Ben Wellington is perhaps best known for his blog called I Quant NY, where he tells the story of New York City through the data the city releases.
He is a Visiting Assistant Professor at The Pratt Institute in Brooklyn, where he teaches a course on statistics to future Urban Planners. He is also a Quantitative Analyst at Two Sigma and teaches job training and team building workshops with Cherub Improv, a non-profit that uses improv comedy for social good.
Paul Buffa is a Teaching Assistant at Metis and Director of Business Analytics & Strategy for Data Science at Kaplan Test Prep. In anticipation of Ben's visit to speak to the Metis Data Science Bootcamp as part of our Speaker & Event series, Paul asked Ben about his work, how he selects data to analyze, and his dream data set.
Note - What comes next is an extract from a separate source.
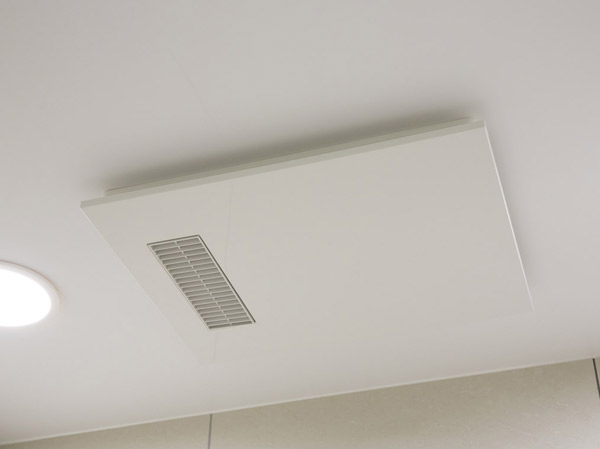 Bathing-wash room.  [Bathroom heating ventilation dryer] Whole bathroom acts as a dryer, The bathroom ventilation dryer to dry out was installed in a standard in a state in which dried the laundry.  ※ It will be electric.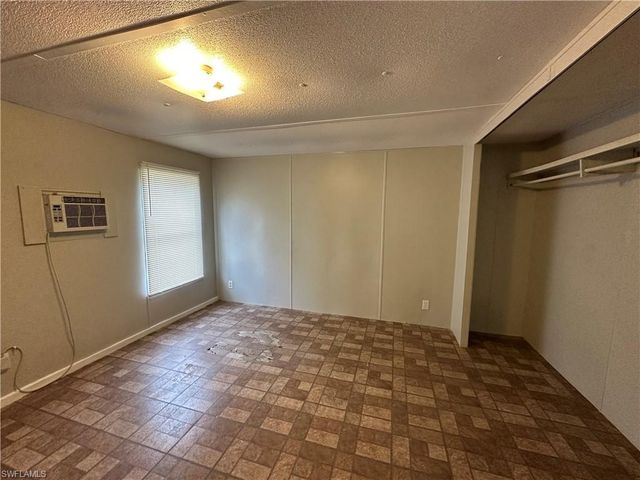 7945 Hart DR, North Fort Myers, FL 33917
Paul: It may not be the piece that got you the most buzz, but which of your analyses is your favorite?
Ben: I was really amazed to see in the data that half of New York City cabs were charging different default tips than the other half. This pointed to a real issue for taxi drivers, where half of the drivers were making $200 more a year than the other half, something that is hardly equitable. It also makes the purchase decision confusing for riders, who should not have to check which vendor is being used to figure out if they are tipping on tolls and taxes or not.
Paul: You talk a lot about what type of data is out there for analysis, and note that NYC is better than others when it comes to releasing lots of great data (though still has lots of room for improvement). That said, what's the dream NYC dataset you would love to get your hands on (and what would you do with it)?
Ben: I am really excited for the NYPD fire call dataset. It was due out at the end of last year. I want to build a model to predict fires, crossing the fire data with other city data sets to see what is predictive.
Paul: You've covered a lot of different topics on your site. What's the process you go through for determining whether something that catches your interest is worth the time and effort for a full-fledged analysis?
Ben: When I get a data set, I look at each column and ask myself, "Is there something I would want to know about this column?" Sometimes it's the max, sometimes it's the most, sometimes it's the minimum, or sometimes it's a correlation. I don't really know in advance, but asking questions column by column can often lead to new insights. Parking tickets are great examples of this. There are so many diverse questions one could ask with columns like Year, Make, Model, Location, Time, Violation Type, etc.
Paul: What's next up for I Quant NY?
Ben: I take it day by day, so I never really know what's next. Sometimes I see a tweet that makes me think, "Hmm, can I quantify that?" Sometimes I hear about an upcoming hearing. Or sometimes I see a new data set. I guess you'll have to come visit the blog to see what's next.